Berio
Sinfonia
Shostakovich
Symphony No.4 in C minor, Op.43
London Voices
European Union Youth Orchestra
Vasily Petrenko
Reviewed by: Nick Breckenfield
Reviewed: 5 August, 2014
Venue: Royal Albert Hall, London
For its 20th-appearance at the Proms, appearing with Vasily Petrenko rather than the indisposed Semyon Bychkov (who will, we are assured, be back for Strauss’s Elektra later in the month), the European Union Youth Orchestra was back at the Royal Albert Hall for the first time in four seasons.
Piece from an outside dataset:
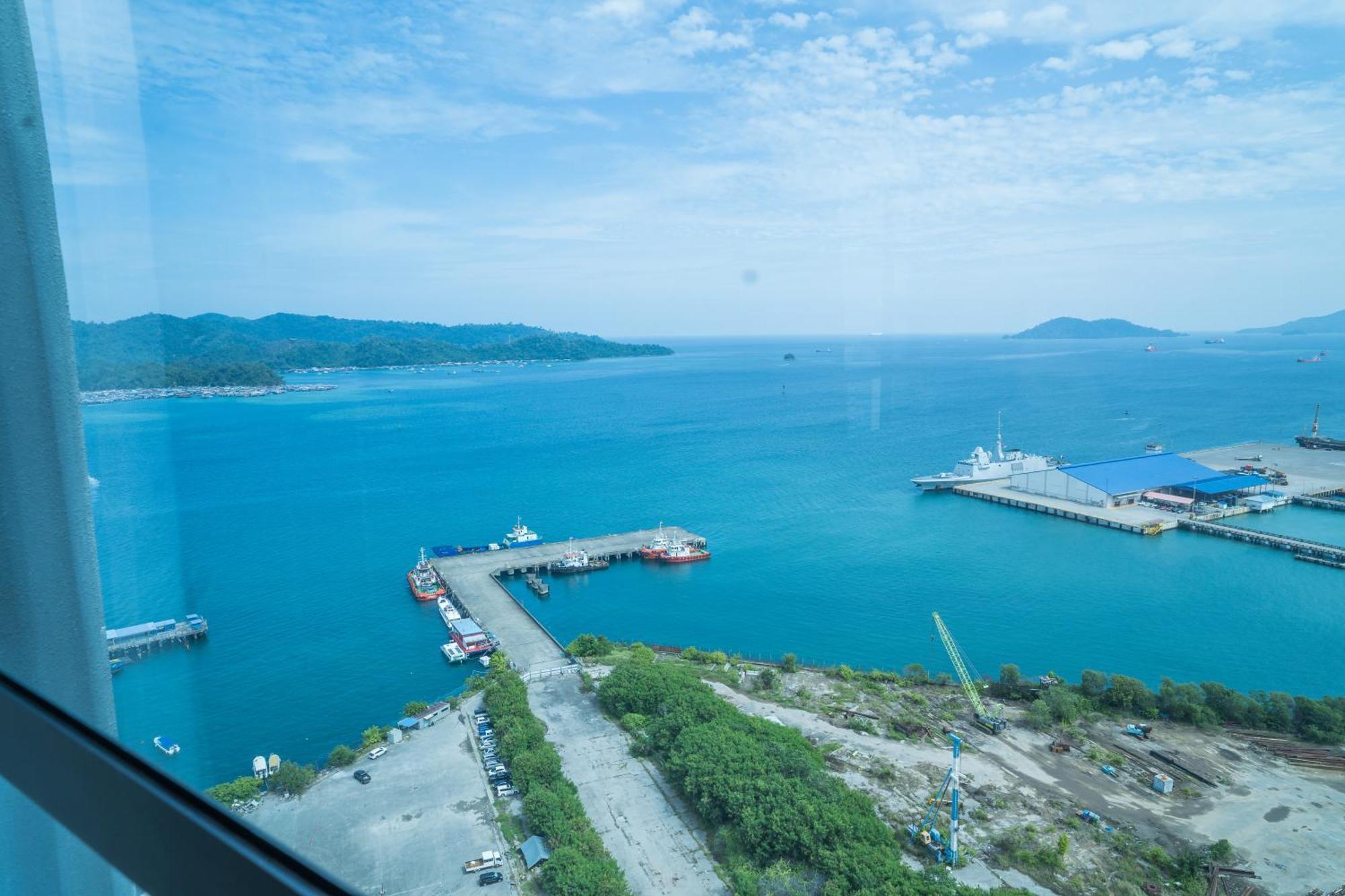 Petronella Suites Apartment @ Jesselton Quay Кота Кинабалу Екстериор снимка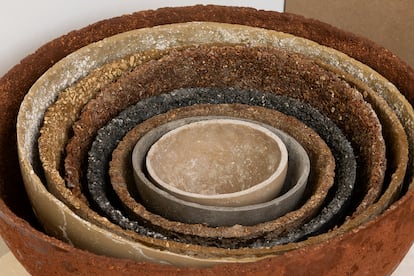 'Tiempos' (2025), de David Bestué, ocho semiesferas de resina de poliéster y elementos triturados (mosaico romano, yesería árabe, remate de altar gótico, fragmento de edificio herreriano, voluta barroca, cerámica del siglo XVIII, remate modernista y ladrillo).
You could argue that it brought two protest symphonies from the 1960s – but that statement obscures as convoluted a history (for one of the works) as the unequally split eight movements we heard. You might expect – hearing two symphonies – that they would have four movements apiece. Luciano Berio’s Sinfonia has five and Shostakovich’s monumental Fourth just three (just!). And to clear up the matter of the 1960s – Sinfonia, referencing Martin Luther King in its second movement, who was assassinated while Berio was composing the work, dates from 1968, while Shostakovich 4 received its belated premiere in 1961, the composer having withdrawn it in 1936, in the light of Stalin’s condemnation of his opera Lady Macbeth of Mtsensk.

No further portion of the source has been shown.